= Jackie Reid =

Hershel N. "Jackie" Reid (March 27, 1899 in Boyd, Texas – January 5, 1971. Buried in Boyd Cemetery, Texas) was an American long-time minor league baseball pitcher, winning nearly 300 games. He also served as a minor league manager for a few years.

==Playing career==
Reid began his playing career in 1921, at the age of 22. He won over 15 games in a season ten times, and he won over 20 games in a season three times - in 1923, with the Marshall Indians, with whom he went 20–8 in 235 innings of work; in 1936, when he went a combined 22–8 with a 2.83 ERA in 45 games split between the Jacksonville Jax and Fort Worth Cats; and in 1937, when he went 22-16 for the Fort Worth Cats.

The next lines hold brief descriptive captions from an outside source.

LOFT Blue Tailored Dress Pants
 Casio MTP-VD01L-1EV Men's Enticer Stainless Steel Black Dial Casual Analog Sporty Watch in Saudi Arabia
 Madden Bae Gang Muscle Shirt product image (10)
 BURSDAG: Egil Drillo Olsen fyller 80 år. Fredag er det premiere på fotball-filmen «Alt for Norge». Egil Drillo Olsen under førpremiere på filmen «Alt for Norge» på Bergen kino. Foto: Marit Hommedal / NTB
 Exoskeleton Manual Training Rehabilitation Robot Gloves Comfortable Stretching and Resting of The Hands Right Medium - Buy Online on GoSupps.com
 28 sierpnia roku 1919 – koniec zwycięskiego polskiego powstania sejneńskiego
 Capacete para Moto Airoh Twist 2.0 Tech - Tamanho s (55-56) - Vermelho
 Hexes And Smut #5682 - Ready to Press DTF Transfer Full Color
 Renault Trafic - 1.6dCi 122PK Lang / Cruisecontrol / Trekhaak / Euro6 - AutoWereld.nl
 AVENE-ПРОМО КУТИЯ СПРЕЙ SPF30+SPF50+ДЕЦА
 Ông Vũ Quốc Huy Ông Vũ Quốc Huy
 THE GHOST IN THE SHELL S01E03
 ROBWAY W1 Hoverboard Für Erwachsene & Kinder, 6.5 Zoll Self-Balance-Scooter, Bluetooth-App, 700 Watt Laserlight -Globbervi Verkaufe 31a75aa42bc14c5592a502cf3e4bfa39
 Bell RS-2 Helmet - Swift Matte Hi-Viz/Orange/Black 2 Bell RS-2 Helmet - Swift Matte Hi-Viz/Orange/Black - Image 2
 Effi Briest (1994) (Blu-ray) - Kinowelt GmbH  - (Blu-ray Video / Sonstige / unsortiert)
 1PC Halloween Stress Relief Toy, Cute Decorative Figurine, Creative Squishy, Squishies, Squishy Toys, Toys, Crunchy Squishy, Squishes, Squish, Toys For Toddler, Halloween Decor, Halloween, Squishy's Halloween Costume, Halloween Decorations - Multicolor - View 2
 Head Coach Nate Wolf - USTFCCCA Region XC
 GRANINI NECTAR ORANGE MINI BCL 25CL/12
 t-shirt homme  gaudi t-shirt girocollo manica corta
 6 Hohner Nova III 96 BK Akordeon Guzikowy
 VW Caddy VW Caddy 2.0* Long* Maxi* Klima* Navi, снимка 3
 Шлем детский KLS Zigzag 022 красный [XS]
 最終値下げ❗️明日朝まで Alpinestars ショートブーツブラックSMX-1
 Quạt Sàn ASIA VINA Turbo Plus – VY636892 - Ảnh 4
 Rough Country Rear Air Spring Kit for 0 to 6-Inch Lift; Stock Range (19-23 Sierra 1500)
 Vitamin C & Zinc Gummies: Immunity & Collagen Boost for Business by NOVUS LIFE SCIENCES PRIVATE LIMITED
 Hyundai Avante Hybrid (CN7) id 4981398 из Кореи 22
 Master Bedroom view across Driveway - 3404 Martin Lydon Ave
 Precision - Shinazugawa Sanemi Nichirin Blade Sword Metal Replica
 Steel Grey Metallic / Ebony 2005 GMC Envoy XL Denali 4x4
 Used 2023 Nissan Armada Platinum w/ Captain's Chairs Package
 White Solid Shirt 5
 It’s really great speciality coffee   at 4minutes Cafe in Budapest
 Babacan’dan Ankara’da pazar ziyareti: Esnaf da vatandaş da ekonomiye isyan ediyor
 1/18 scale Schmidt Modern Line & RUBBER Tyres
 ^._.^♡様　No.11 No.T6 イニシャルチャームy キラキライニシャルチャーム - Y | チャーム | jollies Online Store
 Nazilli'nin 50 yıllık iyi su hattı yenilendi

Overall, he posted a record of 294–227, and current records indicate that his career ERA was 2.70, however that is inaccurate as multiple seasons in which he pitched are missing ERA information. He played his final season in 1941.

==Managing career==
He managed the Marshall Indians for part of the 1923 season, replacing incumbent manager Hick Munsell and being replaced by Johnny Jones. He replaced Jimmy Sanders in 1935 as manager of the Jacksonville Jax, leading the league to become league champions that season. In 1938, he replaced Cecil Coombs as manager of the Fort Worth Cats, and in 1948 he replaced Babe Peebles as manager of the Gainesville Owls.